Diese Unterart des Werkstattberichts ist rasch erklärt: dabei zählt der/die AutorIn kurz und knapp auf, was seit dem letzten Blogeintrag (Werkstattberichte erscheinen online zumeist in privaten oder massenmedialen Blogs) produziert wurde. Das „Wie“ ist ziemlich irrelevant. Zur Veranschaulichung lohnt ein Besuch im Wort-Dock der Hamburgerin Tina Anastassiou.
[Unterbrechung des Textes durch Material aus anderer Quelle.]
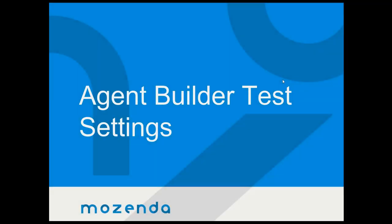Hi, this is Alex Christensen with Mozendo Training. Today's training video is about the Agent Builder test settings and exactly what they do and how to use them.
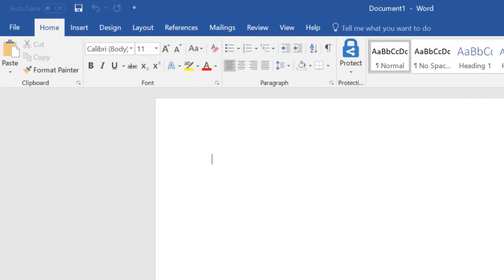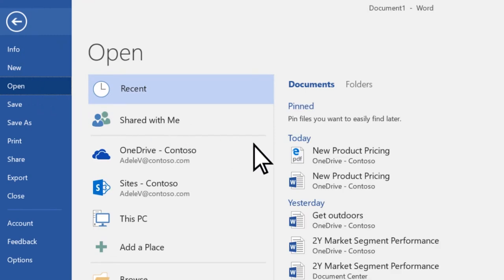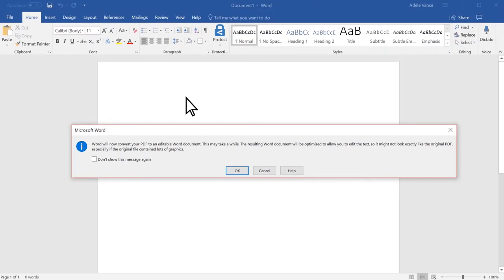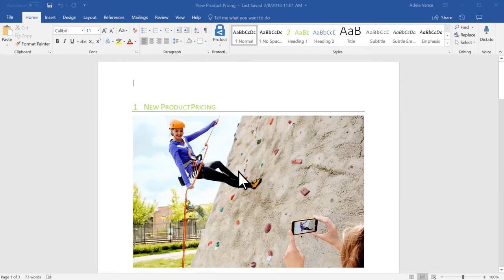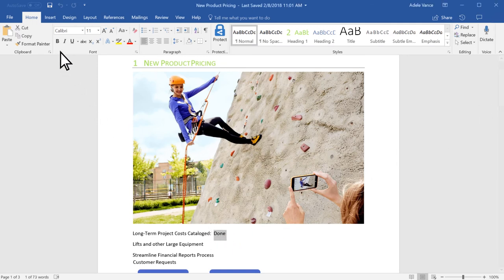To edit a PDF, simply open it in Word. Select File, Open. Select the PDF. This changes your file to a Word document, so the formatting may change a little. But now you can edit it just like all your Word documents.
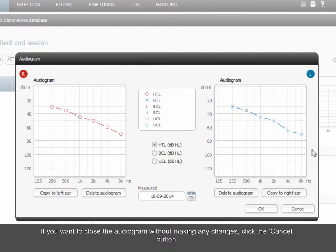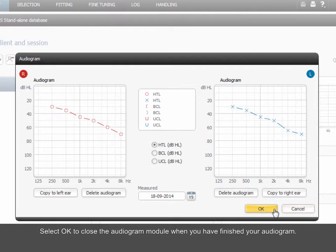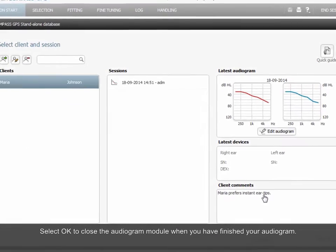If you want to close the audiogram without making any changes, click the Cancel button. Select OK to close the audiogram module when you have finished your audiogram.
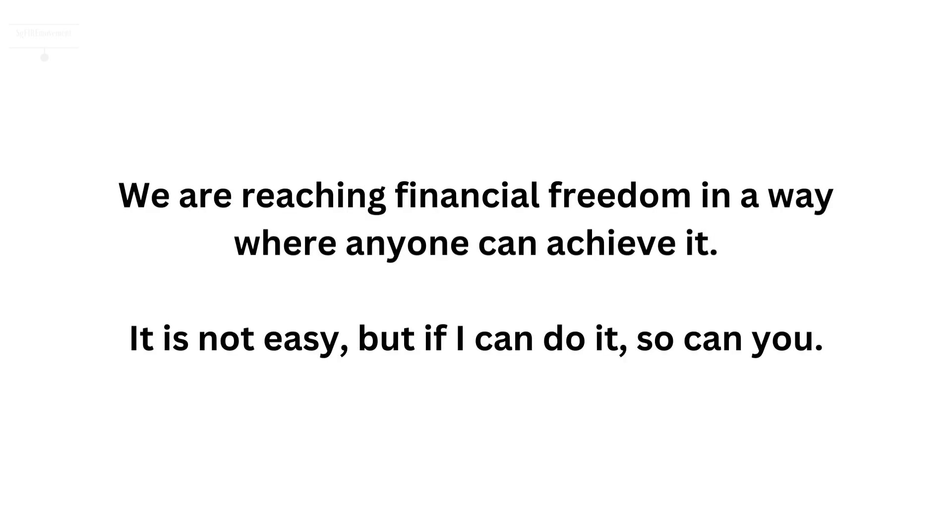We are reaching financial freedom in a way where anyone can achieve it. It is not easy, but if I can do it, so can you.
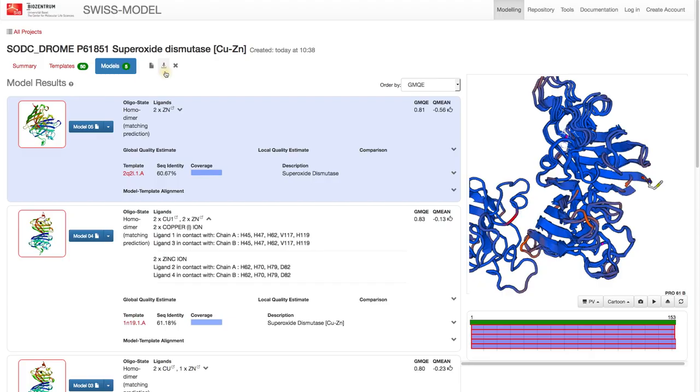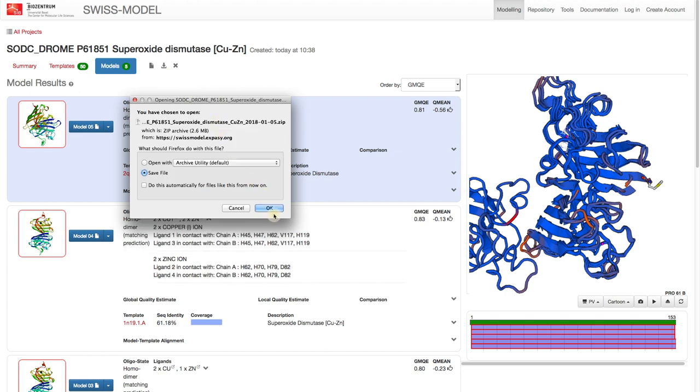Or better yet, grab the whole project. This not only saves all models, but also the template search and the quality estimates.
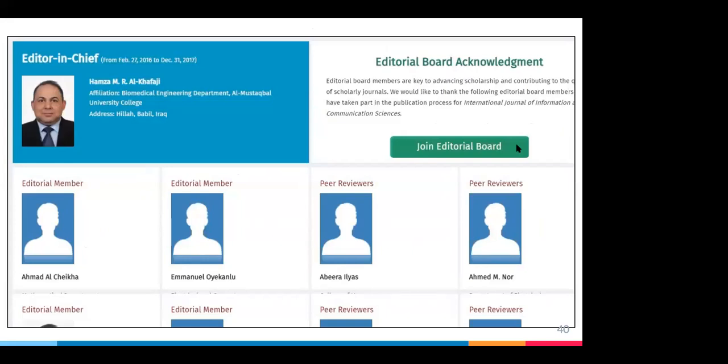Here's an example of an editorial board for a predatory journal. I don't know if the person in the upper left listed as editor in chief is real or if he knows his name is on there, but there are a lot of red flags. We see 'editorial member' listings with what appear to be placeholder icons for images — are these real people? The person in the upper left appeared to have stepped down in 2017, but when I received the solicitation in 2019, what had they been doing for an editor in chief for those intervening two years? If you saw your name on something like this, I would be very concerned. Some of these editorial boards, however, are set up to look much more legitimate than this particular one.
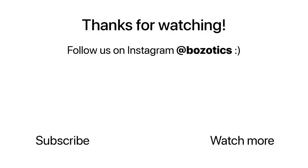Thank you for watching our video. Do check out our poster in the link in the description below. And if you would like to stay updated with our shenanigans, subscribe to our channel and follow us on Instagram at Bozotics.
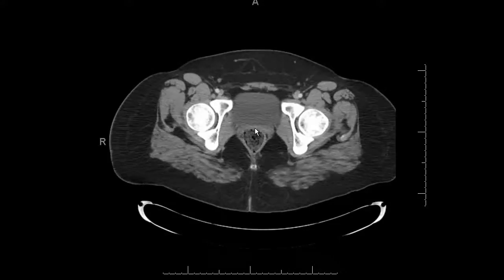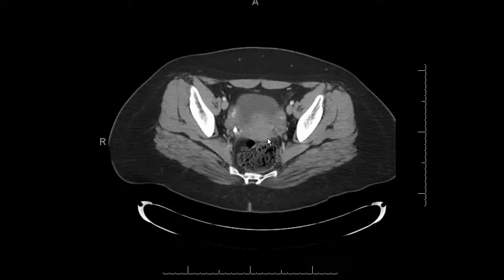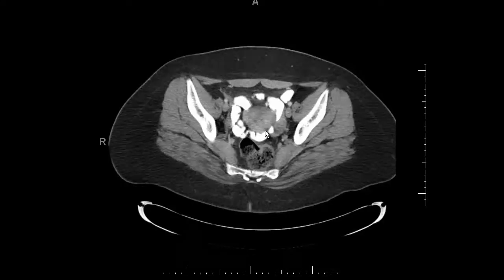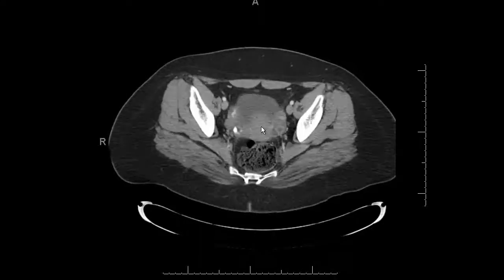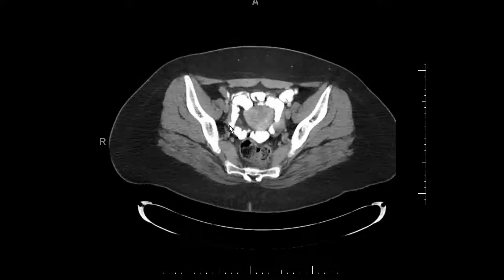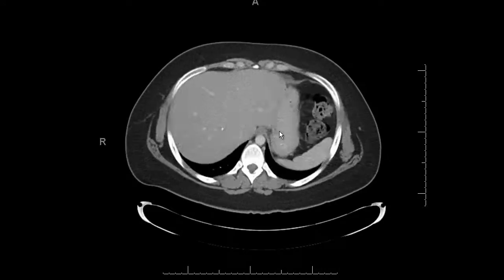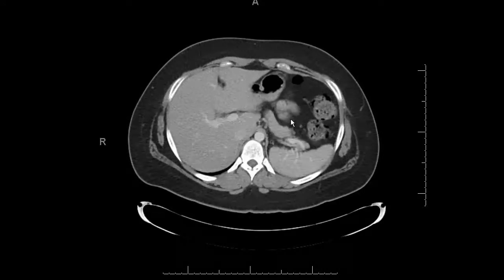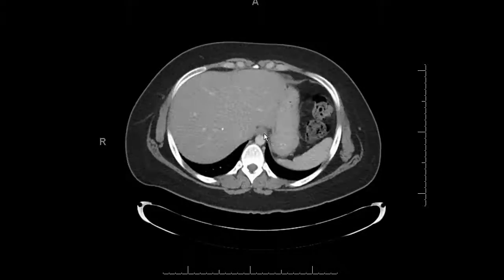In this female patient, I look at the uterus — as you come up, you start to see the body of the uterus. Follow it up, and here's the left ovary, and here's the right ovary.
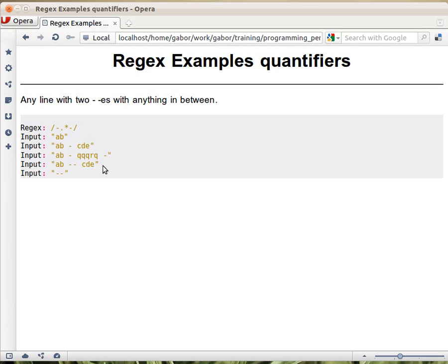This string also matches because the dash matches, dot star can match any character at any times, so it means even zero, and then another dash.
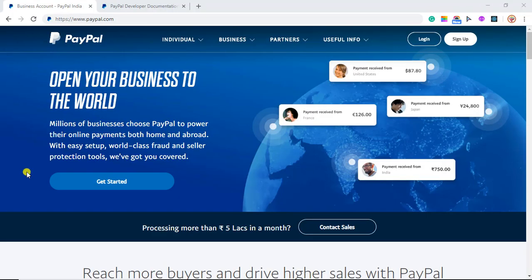So keep watching this video. I am going through the whole process of how you can do this on your own website. Let me show you how you will be integrating this.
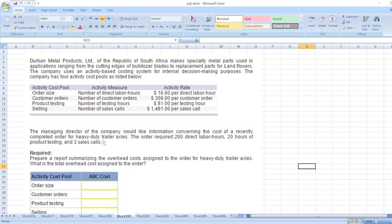Here is the data. The managing director of the company would like information concerning the cost of a recently completed order for heavy duty trailer axles. The order required 200 direct labor hours, 20 hours of product testing, and three sales calls.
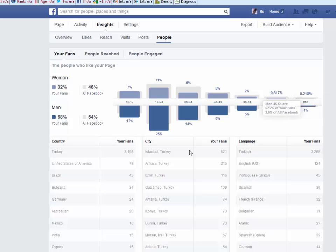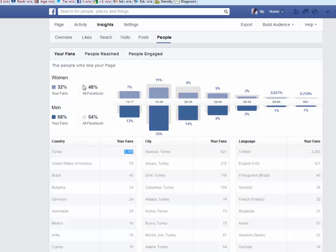Here's a quick example. As you can see, yesterday this fan page had 3,195 likes from Turkey. Turkey seems to be one of those countries that has a lot of fake likes.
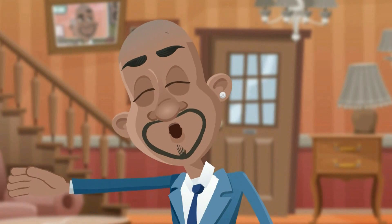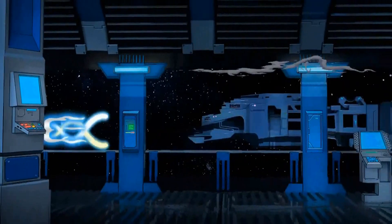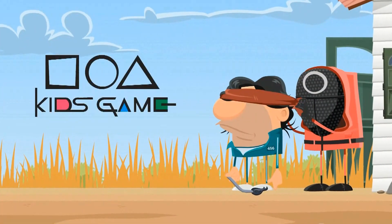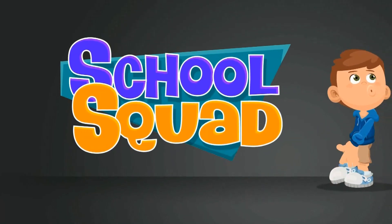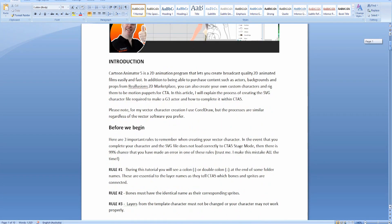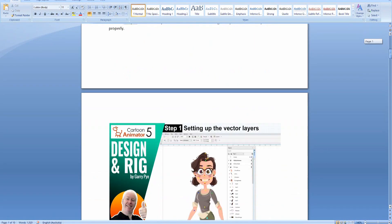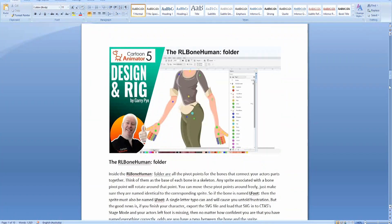But where do you start if you want to make your own original characters for 2D animation? I want to help you with a step-by-step guide for creating your own custom characters for Cartoon Animator. I'm putting together a written tutorial that will cover everything you'll ever need to know about designing and rigging actors for Cartoon Animator — from rigging a character to releasing a character to the marketplace and everything in between.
Ein puristischer Werkstattbericht kann so aussehen: „Für diese Folge von 3K benötigte ich etwa fünfeinhalb Stunden. Außerdem habe ich vergangene Woche noch drei weitere Artikel verfasst.“ Ende.

  1. Die Bauanleitung

Dieser Typ fällt aus der Reihe. Er bezeichnet einen wortwörtlichen Werkstattbericht, ähnlich einem Laborbuch. Das heißt, nicht die Produktionsprozesse publizistischer Tätigkeit stehen im Vordergrund, sondern Portraits handwerklicher wie produzierender Betriebe und/oder Do-it-Yourself-Videos. Es scheint, als würden diese Beiträge von Bastel-Bobos für andere biedere Heimwerker-HipsterInnen angefertigt, umgekehrt genauso. Ein Beispiel ist dieses Video der Zeit.

  1. Die Matrix

Der Datenjournalismus hat den Anspruch, aus umfangreichen Informationen und Werten verständliche Enthüllungsstories mit anschaulichen, im Web interaktiven Grafiken zu machen. Manche sehen ihn daher als investigativen Journalismus der Zukunft an, andere als Unterkategorie desselben. Auffällig ist: wird Datenjournalismus gut gemacht, gibt es immer (!) auch einen Beitrag, in dem die Quelle, das analytische Verfahren sowie andere Rechercheschritte genau protokolliert werden.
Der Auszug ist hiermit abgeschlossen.